『孤島の鬼』江戸川 乱歩 著

土曜日は疲れきって一日中眠り、日曜日は読書と散歩、というのがデフォルトになりつつある私の週末。土曜日も精力的に活動したいけど、どうしても体が動かない。

江戸川乱歩の『孤島の鬼』を読了。まさに乱歩ワールド。夢中になって一気に読んだ。おどろおどろしくて、怖くて、でもその怖さの向こうに人の心を惹きつけてやまないなにかがある。江戸川乱歩というのは、本当に特別な作家だなあと思う。

語り口調が易しくて、読みやすいのがうれしい。子供でも読めそう。しかし内容は、まったく子供向けではない。

そのほか、同じく乱歩の『魔法人形』『恐怖王』などを立て続けに読んだ。これは、小学校のときに学校の図書館で借りて読んだ記憶がある。小学生の私を夢中にさせた本だったが、大人になって読んでもやっぱりおもしろい。

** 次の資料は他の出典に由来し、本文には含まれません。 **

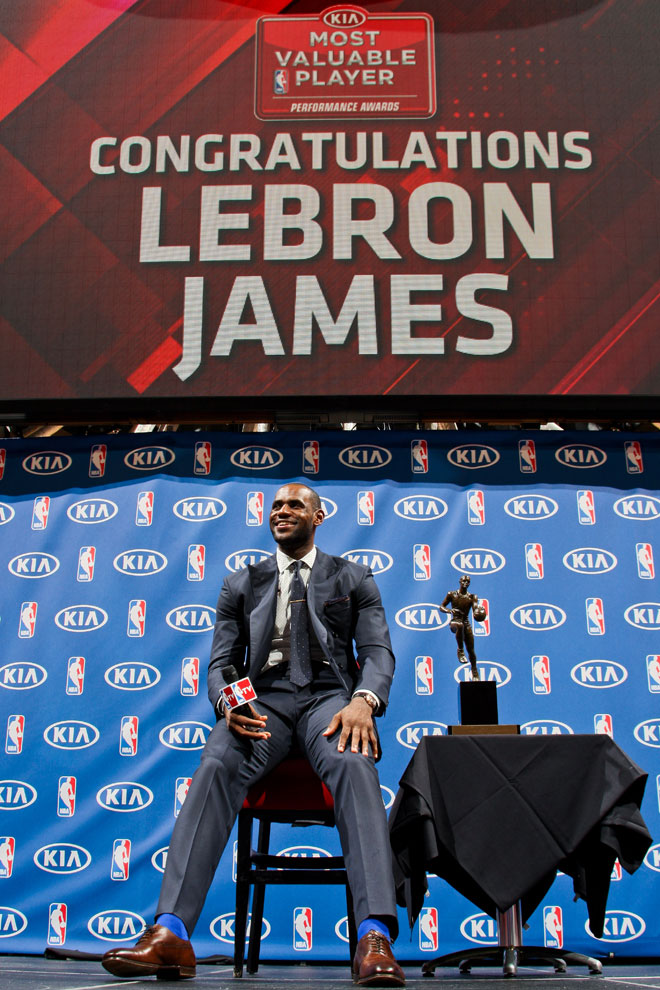 LeBron James fue el MVP de la temporada en la NBA por cuarta ocasin en su carrera.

数年前に、ドラマ化された「明智小五郎対怪人二十面相」を思い出した。あのときは、明智小五郎が田村正和、怪人二十面相がビートたけしだったっけ。

でもあれは、キャスティングがダメすぎだった。田村正和は古畑任三郎にしか見えず、たけしは、たけちゃんマンそのもの。特にマントを翻して走るシーンなど、いつあみだババアが出てくるのかと・・・・。イメージが強烈についてしまっている役者を使うのは、よくよく考えた方がいいと思った。どうしても、そのイメージをひきずってしまうから。

言わせてもらえば、小林少年も、全然イメージ違ったよ。賢そうな、黒目がちの紅顔の美少年を想像していたので。無口で、ひたすら明智を慕っていて、明智が一言いっただけで、十を察して動ける少年・・・であってほしかったな。

有名な人でないと、視聴率を稼げないと思ったのかもしれないけど、江戸川乱歩の名前だけで一定の人数はついてくるんじゃないのかなあ。思いきって、オーデションで全くの新人を使ってみたらいいのに。その方が、視聴者も新鮮な気持ちで見られたと思う。

ちなみに、文代さん役の宮沢りえちゃんはよかった。黙ってそこに立ってるだけで、陰があるから。なんにも説明がなくても、「いろいろ背負ってそうな人だなあ」と感じさせる。きれいなんだけど、暗くて、乱歩ワールドには合ってると思った。